After a “no” result in Scotland’s independence referendum, the leader of the pro-independence Scottish National Party, Alex Salmond, has announced that he will resign. During his decades-long career, Salmond turned the SNP from a messy political organ into the most popular party in Scotland by membership. He will also be resigning his position as First Minister, the head of Scotland’s "devolved" parliament in Edinburgh, which he has held since May 2007. From the BBC:
Mr Salmond said: "For me as leader my time is nearly over but for Scotland the campaign continues and the dream shall never die."
Speaking from Bute House in Edinburgh, the first minister's official residence, he told journalists: "I am immensely proud of the campaign that Yes Scotland fought and particularly of the 1.6m voters who rallied to that cause."

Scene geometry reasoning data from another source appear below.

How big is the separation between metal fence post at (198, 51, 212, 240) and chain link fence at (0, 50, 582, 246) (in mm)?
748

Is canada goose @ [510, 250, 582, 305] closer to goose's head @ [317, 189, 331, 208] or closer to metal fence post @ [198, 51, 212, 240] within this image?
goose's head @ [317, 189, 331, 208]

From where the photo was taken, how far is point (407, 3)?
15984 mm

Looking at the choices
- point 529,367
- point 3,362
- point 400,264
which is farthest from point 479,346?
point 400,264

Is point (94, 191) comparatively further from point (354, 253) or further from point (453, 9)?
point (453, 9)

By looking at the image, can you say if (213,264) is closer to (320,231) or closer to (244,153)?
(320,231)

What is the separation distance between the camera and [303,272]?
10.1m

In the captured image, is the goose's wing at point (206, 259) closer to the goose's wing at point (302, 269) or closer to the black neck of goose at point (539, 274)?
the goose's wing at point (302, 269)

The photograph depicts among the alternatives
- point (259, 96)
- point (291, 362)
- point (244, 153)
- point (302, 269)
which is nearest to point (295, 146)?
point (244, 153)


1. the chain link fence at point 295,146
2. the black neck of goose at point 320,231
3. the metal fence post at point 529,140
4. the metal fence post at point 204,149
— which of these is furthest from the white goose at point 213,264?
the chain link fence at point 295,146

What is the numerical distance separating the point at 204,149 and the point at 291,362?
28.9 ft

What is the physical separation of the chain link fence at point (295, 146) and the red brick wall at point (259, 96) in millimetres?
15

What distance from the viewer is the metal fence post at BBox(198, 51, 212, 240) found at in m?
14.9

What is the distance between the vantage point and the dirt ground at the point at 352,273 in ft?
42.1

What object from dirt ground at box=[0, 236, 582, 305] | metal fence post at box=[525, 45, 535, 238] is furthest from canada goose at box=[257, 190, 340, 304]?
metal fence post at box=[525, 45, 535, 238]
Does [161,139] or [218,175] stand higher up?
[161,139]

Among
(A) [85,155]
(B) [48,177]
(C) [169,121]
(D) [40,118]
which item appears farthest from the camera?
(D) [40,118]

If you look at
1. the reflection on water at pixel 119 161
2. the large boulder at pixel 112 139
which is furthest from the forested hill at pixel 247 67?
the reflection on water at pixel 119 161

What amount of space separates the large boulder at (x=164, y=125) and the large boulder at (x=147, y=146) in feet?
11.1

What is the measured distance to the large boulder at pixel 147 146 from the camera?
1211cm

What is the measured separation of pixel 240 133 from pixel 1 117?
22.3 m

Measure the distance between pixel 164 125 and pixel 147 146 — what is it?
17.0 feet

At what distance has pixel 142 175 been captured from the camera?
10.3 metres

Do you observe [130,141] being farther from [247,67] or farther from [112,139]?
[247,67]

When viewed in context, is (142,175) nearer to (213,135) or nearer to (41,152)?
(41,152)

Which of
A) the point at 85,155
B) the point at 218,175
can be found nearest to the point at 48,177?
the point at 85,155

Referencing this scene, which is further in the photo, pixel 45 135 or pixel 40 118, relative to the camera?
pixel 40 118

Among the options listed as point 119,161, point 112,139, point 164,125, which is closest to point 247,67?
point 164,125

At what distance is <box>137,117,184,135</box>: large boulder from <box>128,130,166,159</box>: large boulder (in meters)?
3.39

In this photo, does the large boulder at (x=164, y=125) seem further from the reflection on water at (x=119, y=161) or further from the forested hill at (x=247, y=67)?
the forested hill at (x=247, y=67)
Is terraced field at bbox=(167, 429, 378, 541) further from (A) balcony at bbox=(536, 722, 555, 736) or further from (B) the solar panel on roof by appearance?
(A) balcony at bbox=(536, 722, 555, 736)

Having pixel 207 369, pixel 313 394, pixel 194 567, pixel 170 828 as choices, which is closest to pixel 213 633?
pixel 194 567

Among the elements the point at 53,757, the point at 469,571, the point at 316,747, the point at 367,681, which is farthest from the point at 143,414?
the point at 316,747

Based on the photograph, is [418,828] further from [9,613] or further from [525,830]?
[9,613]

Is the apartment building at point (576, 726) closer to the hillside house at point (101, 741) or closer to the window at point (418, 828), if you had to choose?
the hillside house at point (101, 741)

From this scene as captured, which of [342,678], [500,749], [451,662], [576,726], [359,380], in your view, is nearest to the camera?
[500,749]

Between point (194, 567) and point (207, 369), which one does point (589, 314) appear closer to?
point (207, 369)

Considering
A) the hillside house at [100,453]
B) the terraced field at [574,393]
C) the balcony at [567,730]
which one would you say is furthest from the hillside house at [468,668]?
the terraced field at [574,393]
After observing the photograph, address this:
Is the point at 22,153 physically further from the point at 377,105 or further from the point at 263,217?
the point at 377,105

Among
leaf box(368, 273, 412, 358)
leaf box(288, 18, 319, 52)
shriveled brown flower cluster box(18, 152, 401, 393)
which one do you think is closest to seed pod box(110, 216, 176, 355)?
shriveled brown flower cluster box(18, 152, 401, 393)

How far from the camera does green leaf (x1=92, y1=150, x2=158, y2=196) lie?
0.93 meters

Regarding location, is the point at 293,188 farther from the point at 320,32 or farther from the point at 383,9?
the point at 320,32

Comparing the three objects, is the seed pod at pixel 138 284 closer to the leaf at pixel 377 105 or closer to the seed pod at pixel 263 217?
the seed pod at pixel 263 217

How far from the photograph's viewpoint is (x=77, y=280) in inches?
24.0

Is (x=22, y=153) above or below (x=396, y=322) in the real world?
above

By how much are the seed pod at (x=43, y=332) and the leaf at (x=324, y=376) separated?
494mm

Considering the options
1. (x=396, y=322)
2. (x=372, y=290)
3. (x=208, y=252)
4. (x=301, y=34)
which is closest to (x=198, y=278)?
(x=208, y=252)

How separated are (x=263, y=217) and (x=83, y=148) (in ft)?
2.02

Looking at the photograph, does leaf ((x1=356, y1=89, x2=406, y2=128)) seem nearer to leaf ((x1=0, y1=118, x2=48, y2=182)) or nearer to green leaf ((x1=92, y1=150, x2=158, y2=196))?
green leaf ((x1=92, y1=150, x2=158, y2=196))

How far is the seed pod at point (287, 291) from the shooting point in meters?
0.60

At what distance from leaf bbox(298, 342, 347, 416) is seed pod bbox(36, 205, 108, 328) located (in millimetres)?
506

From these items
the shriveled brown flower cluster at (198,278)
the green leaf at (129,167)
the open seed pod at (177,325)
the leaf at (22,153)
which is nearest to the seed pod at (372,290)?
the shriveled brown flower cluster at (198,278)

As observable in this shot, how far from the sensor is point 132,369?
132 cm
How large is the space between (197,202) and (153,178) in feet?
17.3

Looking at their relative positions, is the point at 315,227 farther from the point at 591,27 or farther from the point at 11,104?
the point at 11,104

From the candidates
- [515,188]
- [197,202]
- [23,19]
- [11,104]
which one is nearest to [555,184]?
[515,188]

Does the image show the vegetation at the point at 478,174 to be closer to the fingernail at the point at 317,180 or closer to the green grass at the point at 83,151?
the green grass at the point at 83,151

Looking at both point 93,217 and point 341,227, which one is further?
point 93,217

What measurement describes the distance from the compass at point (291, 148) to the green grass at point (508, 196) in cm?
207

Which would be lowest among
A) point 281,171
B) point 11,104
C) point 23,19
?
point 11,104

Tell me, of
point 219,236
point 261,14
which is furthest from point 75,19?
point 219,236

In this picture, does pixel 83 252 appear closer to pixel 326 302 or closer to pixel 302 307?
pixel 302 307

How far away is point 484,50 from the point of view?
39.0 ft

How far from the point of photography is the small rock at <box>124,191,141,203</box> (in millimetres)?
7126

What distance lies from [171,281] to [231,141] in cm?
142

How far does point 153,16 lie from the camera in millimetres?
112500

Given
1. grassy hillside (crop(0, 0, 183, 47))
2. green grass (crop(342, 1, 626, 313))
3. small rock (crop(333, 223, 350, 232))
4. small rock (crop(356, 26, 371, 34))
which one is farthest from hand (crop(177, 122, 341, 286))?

Mr Salmond, 59, who has led his party for a total of 20 years, also said there were a "number of eminently qualified and very suitable candidates for leader", although the current deputy first minister Nicola Sturgeon, also deputy SNP leader, would be seen as a clear frontrunner.
Salmond’s brand of Scottish nationalism galvanized the “Yes” campaign, but ultimately came up short following a late surge in efforts from the unionist side including recent, passionate appeals from Gordon Brown, the former Labour prime minister of the U.K. and a Scot.
More than 1.6 million Scots voted for independence in the referendum.